In recent days, Sanders has repeatedly connected the challenges surrounding the COVID-19 outbreak to his critiques of the existing U.S. health care system. On March 10, when Sanders lost primaries to Biden in Idaho, Michigan, Mississippi, Missouri and Washington, Sanders’s high-profile surrogate, Rep. Alexandria Ocasio-Cortez encouraged her supporters by telling them they were “winning on the issues” and urged them to use the popularity of progressive ideas to push Biden to the left.
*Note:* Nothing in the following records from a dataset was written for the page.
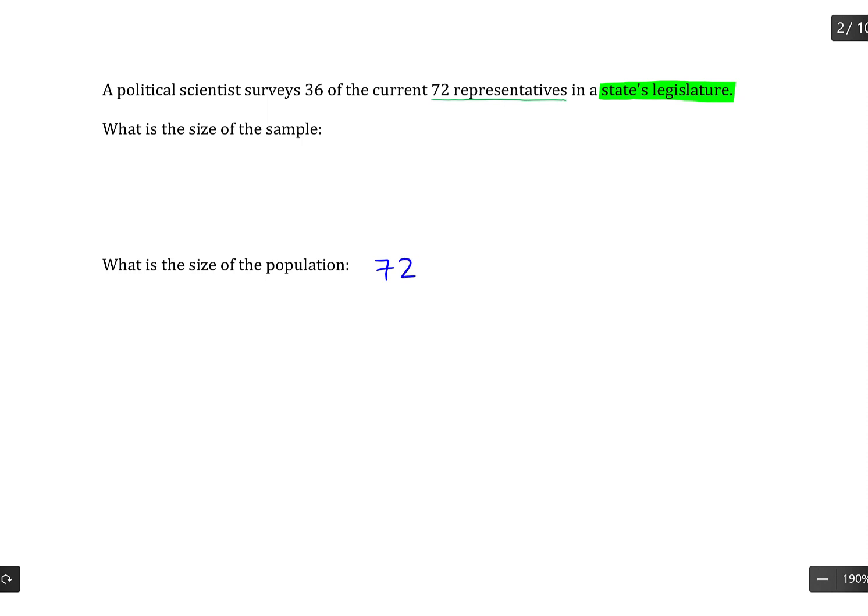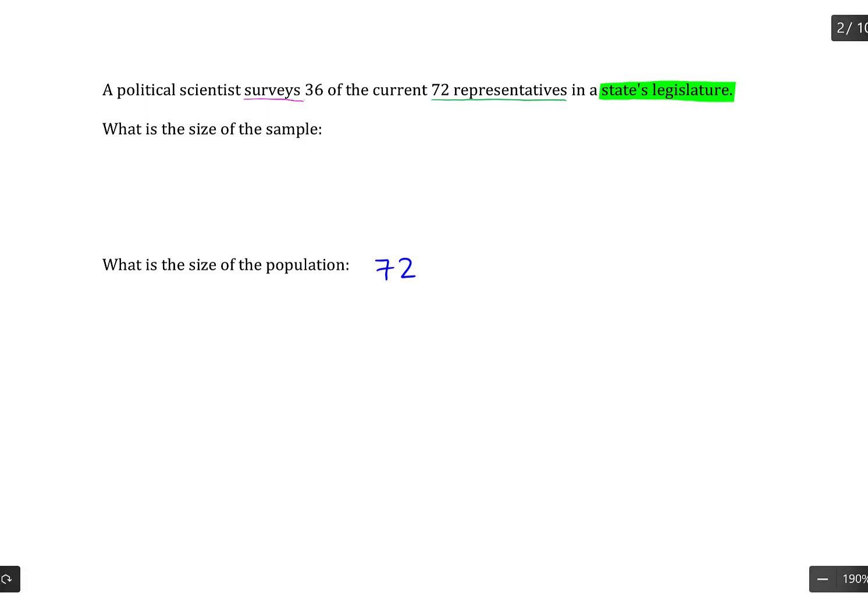The sample is a subgroup out of the population that's being studied, or in this case being surveyed. So a political scientist is surveying 36 of the current 72 representatives. So because he's surveying 36, that is the sample, and the size of that sample is 36.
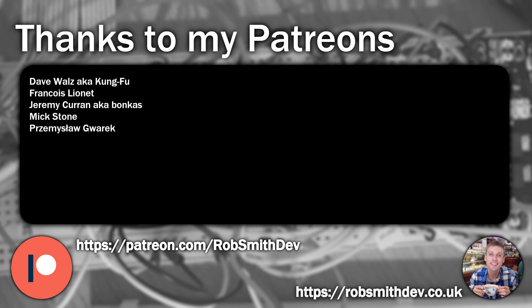Before going any further, I just wanted to say thanks to my Patreons. If you'd like to be a Patreon, consider supporting me by following the links in the video description.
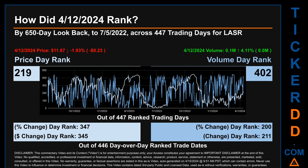Hello, my name is Magnus. How did April 12, 2024 rank for LASR by 650 calendar day look-back to July 5, 2022? Across 447 trading days, the April 12, 2024 price ranked 219 while its volume ranked 402. Each of the 447 trading days were ranked amongst themselves by highest end-of-day price and volume, with a rank of 1 being the highest and 447 being the lowest. The price's day-over-day percentage change of minus 1.93% had a day rank of 347, while its dollar difference of minus 23 cents had a rank of 345. Volume's percentage change and difference were ranked respectively at 200 and 211.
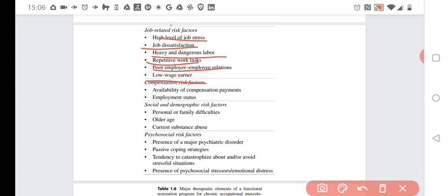Compensation risk factors include availability of compensation and permanent employment status. Generally, in some cases people want to work, while in some cases they would like to have compensation.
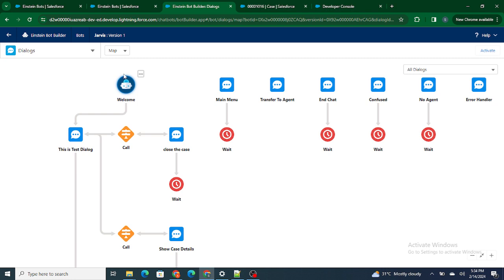Now this is going to give you a much better view of what exactly the bot is doing. It's very similar to the screen flow or the record trigger flow that we are using, which gives a one-shot view of what exactly this bot is trying to do.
“Now is the time to leverage that. Now is the time to ask for accountability, and now is the time to ask for commitments, real commitments, not just gestures, but real commitments to actually confront the problems that we face,” Ocasio-Cortez said in an Instagram Live broadcast.
While Coogan-Gehr says her union is committed during the COVID-19 crisis to ensuring that all nurses have the equipment they need to handle the outbreak, she expects the political landscape post-crisis to be different. “The message cannot be more clear,” she says, “that Medicare for All is one of the most unifying issues for voters in the Democratic Party.”